Let me know if you need more information.

mdoering commented 2 years ago

DwC is not an ideal format for taxonomic data. There has been an issue for dealing with notho taxa that has been closed because of lack of demand: https://github.com/tdwg/dwc/issues/43

This would be solved when using the ColDP archive which aligns better with our API. I guess we can add an unofficial col:notho term to the dwc export until there is an official dwc term. Would that help?

The Kew species C. baoshanense) does only mention the hybrid nature in the remarks. That is completely opaque to use so we treat it just as a regular species. This data is rather old and will be replaced by a newer version from Kew soon (@yroskov ?). In the newer WCVP and WCSP datasets the hybrid is correctly marked up:

mdoering commented 2 years ago

See also https://github.com/CatalogueOfLife/general/blob/master/docs/NAMES.md#named-hybrid I just realize there also is no notho term in ColDP. We anticipated that the hybrid symbol is prefixing the respective part of the name. I would be in favor of adding a new col:notho term like we have in the API.

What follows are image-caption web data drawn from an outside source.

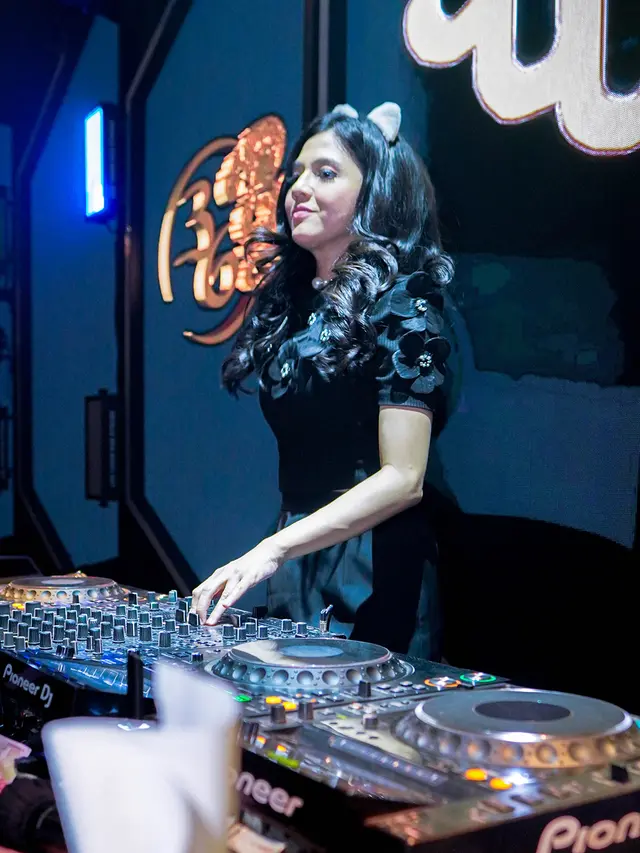 Penampilan DJ Putri Una.(Istimewa)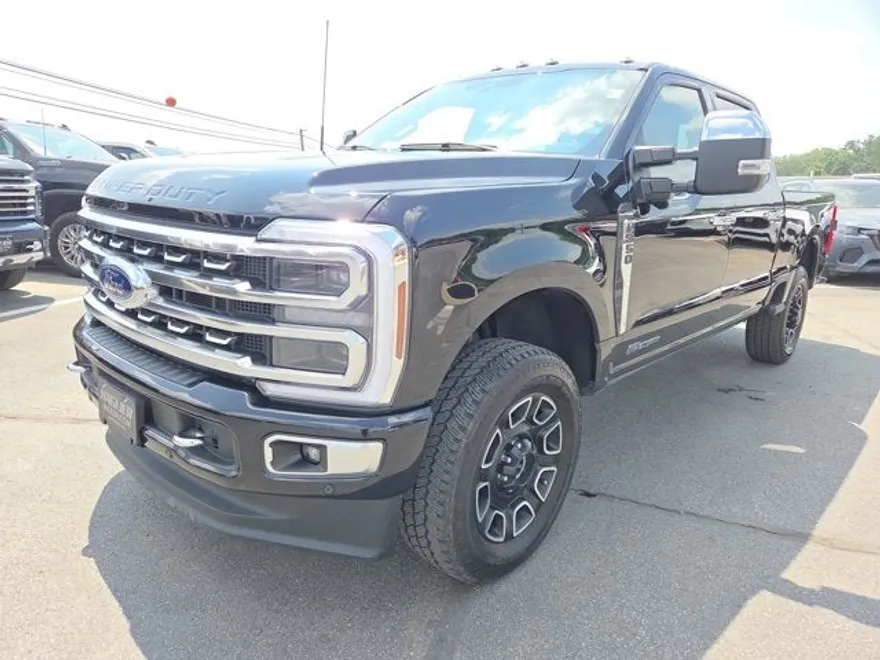 2024 Ford F-350 Platinum photo 1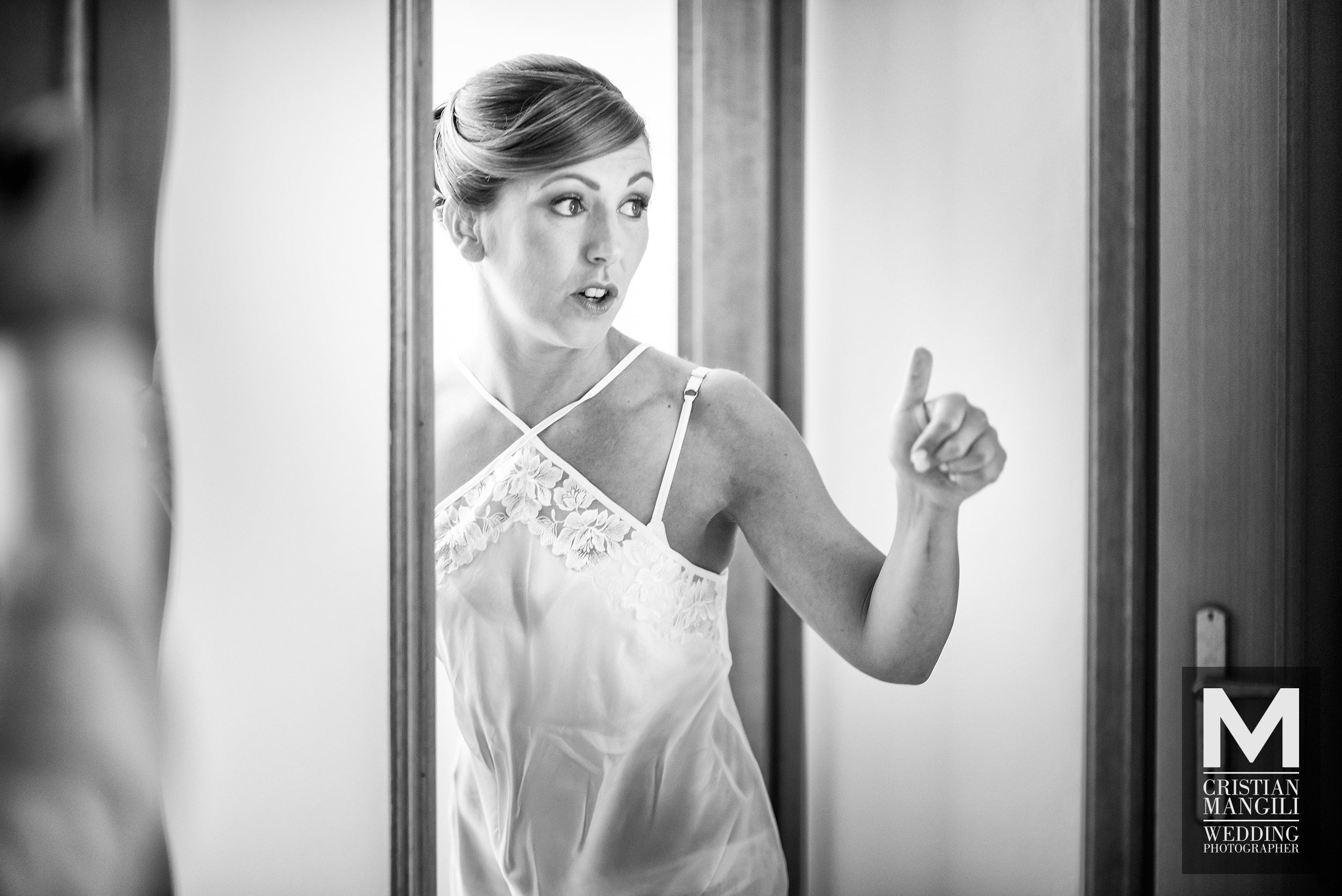 0004004 Bride Preparation italian wedding photographer 0004004 Bride Preparation italian wedding photographer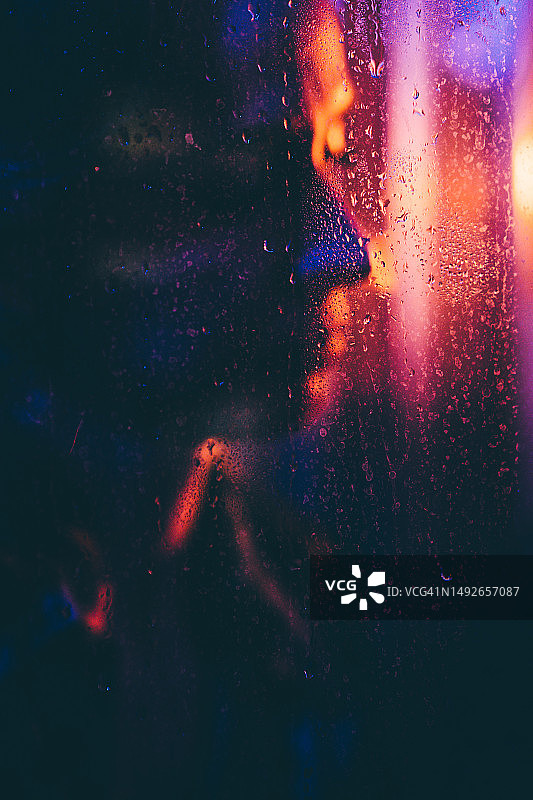 霓虹灯下的年轻女性肖像图片素材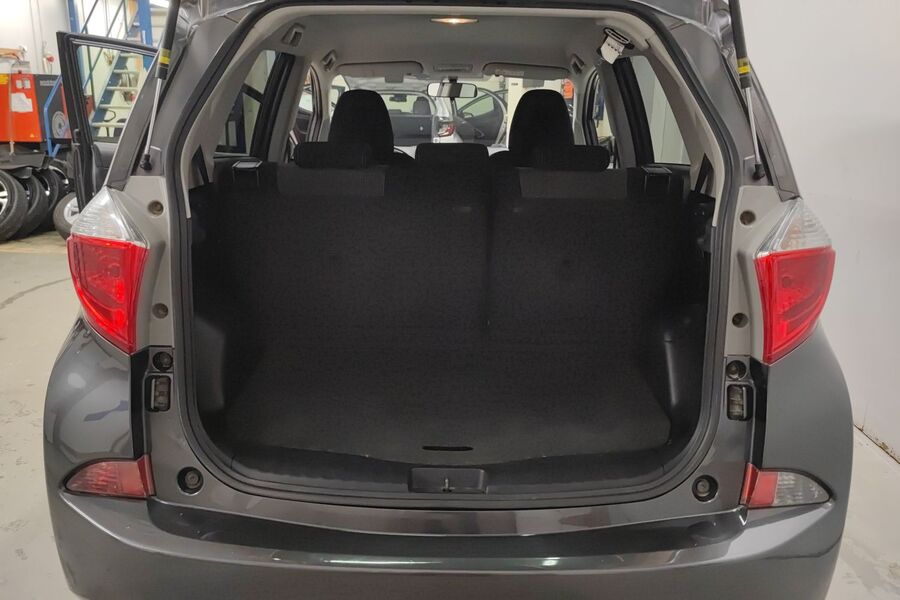 Toyota Verso-S vaihtoauto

Australis86 commented 2 years ago

Thanks Markus. I have no experience with the ColDP format, but quickly looking at it suggests it may be far more useful to me going forward (alas, I will need to overhaul a chunk of code, but it looks like it will be worth it in the long run). All my scripts were built around the DwC format years ago and I wasn't aware of the development of the ColDP, so I appreciate you bringing it to my attention.

I am looking forward to the KEW WCSP dataset being updated and I appreciate the heads up as to which way this is going to go (the inclusion of the hybrid symbol), as I will need to update my scripts to accommodate this. I am glad that the outcome will be more consistent.

The inclusion of a notho field in the DwC (as an interim measure until I can rewrite to use ColDP) and ColDP formats would be greatly appreciated (and preferable over including the symbol in the corresponding epithet field), as I often use the individual fields with the database I work with rather than parsing the scientificName (the system I work with does not accommodate the author, only the botanical Latin name).

If it is straightforward to make the namesearch API insensitive to the presence of the hybrid symbol, that would be much appreciated.

mdoering commented 2 years ago

for the namesearch I dont think I can make that happen easily. But I will be working on a new matching method in the API that would be the recommended way to look up a single matching name in any dataset. It will be based on the NamesIndex and should allow for small variations like the hybrid marker and epithet gender.

gdower commented 2 years ago

@gdower I assume you generate those comments in your ColDP script?

Yes, we add that comment.

mdoering commented 2 years ago

@gdower I assume you generate those comments in your ColDP script?

Yes, we add that comment.

Does that mean the binomial does not exist in World Plants? It appears just like that here: https://www.worldplants.de/world-plants-complete-list/complete-plant-list/?name=Amaranthus-ozanonii

Hybrid taxon. Binomial generated by Species 2000.

Maybe we should replace Species 2000 with Catalogue of Life?

Australis86 commented 2 years ago

for the namesearch I dont think I can make that happen easily. But I will be working on a new matching method in the API that would be the recommended way to look up a single matching name in any dataset. It will be based on the NamesIndex and should allow for small variations like the hybrid marker and epithet gender.

Thanks Markus. I look forward to that becoming available.

gdower commented 2 years ago

Maybe we should replace Species 2000 with Catalogue of Life?

I'll remove the binomial comment. It made sense in the old web interface that couldn't render the × symbol for hybrids, although maybe I should keep the Hybrid taxon remark.

mdoering commented 2 years ago

@Australis86 I have deployed the change to our dev environment and downloaded the Poaceae family from VASCAN with many hybrids and the new notho field in both DwC-A and ColDP downloads. Will be on prod soon.

Australis86 commented 2 years ago

@mdoering Thanks Markus. I'll use those samples to do some testing.